Valor: Se essa análise concluir que há excesso, qual o recurso?

Genro: Será o caminho normal no Estado de Direito. Pedir que o Judiciário tire a dúvida.

Valor: Em que momento as investigações da PF chegam ao ministro?

Genro: Em duas circunstâncias. Quando há uma desconfiança de que está sendo cometida alguma ilegalidade ou quando uma operação tem algum tipo de repercussão forte sobre o Estado brasileiro e o ministro precisa saber. Não quem é que está sendo preso, nem quem está sendo investigado, mas saber da existência desse inquérito no momento em que ele termina e as prisões vão ser efetuadas. O ministro não deve saber quem está sendo investigado, nem quais as provas já colhida contra pessoas. Porque aí essa informações, e eu não o faria, podem ser usadas no interesse de governo, no sentido partidário da questão. A função do ministro é uma função de Estado, portanto não é necessário ter essas informações.

Valor: É do que têm lhe acusado setores da oposição.

Genro: Um motivo, que eu acredito que seja um número ínfimo de pessoas, porque sabem que estão sendo investigadas. De alguma forma. Outra é que não conhece como é que a PF opera, e desconhece que o controle de qualquer violação de sigilo, seja bancário, seja telefônico, seja de correspondência, só pode se dar com pedido do Ministério Público ao Poder Judiciário, ações nas quais o ministro não tem nenhuma intervenção. Quando ocorre uma acusação desse tipo é por desconhecimento ou interesse próprio.

Valor: Desde 2003 a PF fez mais de 350 operações, prendeu mais de seis mil pessoas e não tem ninguém condenado. A AMB pede que seja dada prioridade aos processos que tratam de corrupção. Como o senhor vê essa questão?

Genro: Estão redondamente enganadas as pessoas que pensam que o elemento central do combate à corrupção é o conhecimento, pela população, de que o corrupto está na cadeia. Não é. O elemento mais forte de combate à corrupção é as pessoas saberem que o Estado está agindo, saberem que o Estado está expelindo essas pessoas, saberem que essas pessoas estão sendo processadas. O sentimento de que as pessoas têm que ser punidas é um sentimento real, mas ele não é o principal. É profundamente didático e educativo que as pessoas saibam que intocáveis estão sendo processados, presos e portanto respondendo perante a Justiça. Embora o ideal fosse a condenação rápida.

Valor: Mas quando se ouve as gravações da Operação Navalha a impressão é que as pessoas parecem não ter nenhuma preocupação de estar sendo investigadas.

Genro: Essa é a cultura dominante.
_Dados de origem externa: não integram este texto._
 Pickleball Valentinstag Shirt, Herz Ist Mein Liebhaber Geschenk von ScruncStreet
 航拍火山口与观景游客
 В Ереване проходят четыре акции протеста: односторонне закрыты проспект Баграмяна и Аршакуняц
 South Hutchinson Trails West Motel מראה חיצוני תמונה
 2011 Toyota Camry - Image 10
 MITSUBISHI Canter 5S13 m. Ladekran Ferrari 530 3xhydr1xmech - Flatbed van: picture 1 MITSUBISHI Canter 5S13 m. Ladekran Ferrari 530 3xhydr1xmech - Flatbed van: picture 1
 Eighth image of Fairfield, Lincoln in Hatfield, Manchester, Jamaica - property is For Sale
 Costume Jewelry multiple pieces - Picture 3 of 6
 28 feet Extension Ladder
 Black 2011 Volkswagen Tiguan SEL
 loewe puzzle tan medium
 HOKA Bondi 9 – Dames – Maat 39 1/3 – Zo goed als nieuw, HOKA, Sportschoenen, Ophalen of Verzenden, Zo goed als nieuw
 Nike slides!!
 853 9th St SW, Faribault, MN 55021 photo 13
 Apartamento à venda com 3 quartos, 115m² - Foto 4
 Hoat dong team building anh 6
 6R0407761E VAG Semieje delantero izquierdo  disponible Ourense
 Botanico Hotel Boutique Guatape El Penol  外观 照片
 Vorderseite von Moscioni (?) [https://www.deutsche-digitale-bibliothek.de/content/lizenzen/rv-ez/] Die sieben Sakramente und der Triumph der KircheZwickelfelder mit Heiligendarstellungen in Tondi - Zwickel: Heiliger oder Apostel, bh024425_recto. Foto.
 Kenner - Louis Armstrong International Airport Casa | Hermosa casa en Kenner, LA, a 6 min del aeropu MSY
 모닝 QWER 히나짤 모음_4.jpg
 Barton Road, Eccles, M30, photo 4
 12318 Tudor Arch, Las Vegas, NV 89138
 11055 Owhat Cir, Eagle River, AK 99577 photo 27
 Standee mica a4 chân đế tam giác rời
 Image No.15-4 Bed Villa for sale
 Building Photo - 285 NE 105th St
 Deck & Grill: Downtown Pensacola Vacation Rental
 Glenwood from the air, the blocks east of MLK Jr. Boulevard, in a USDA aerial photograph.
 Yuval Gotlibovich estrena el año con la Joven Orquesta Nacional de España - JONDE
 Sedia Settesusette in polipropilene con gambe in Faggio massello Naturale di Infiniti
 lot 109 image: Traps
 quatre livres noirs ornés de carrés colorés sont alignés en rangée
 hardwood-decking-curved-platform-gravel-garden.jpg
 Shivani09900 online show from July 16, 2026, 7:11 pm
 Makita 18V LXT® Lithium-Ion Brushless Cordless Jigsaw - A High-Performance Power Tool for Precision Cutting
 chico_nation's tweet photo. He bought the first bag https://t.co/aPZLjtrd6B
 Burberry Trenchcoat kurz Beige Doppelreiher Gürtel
Por exemplo essa Operação Navalha e as demais, eu quero dizer que na minha opinião existem pessoas que estão sendo atingidas injustamente, e isso é normal, lamentavelmente normal em qualquer processo criminal...

Valor: Quem, por exemplo?

Genro: Eu não quero mencionar. Mas na minha opinião existem pessoas que estão sendo atingidas injustamente, pelo que eu estou observando com as peças que me chegam do inquérito. Mas repito: o relevante é a existência do processo, que as pessoas estão sendo investigadas e processadas indistintamente. É isso que pode mudar esta cultura, que nos permite dar coerência a esse tipo de inquérito, as pessoas sem o menor sentimento de medo, combinar pelo telefone um assalto ao Estado.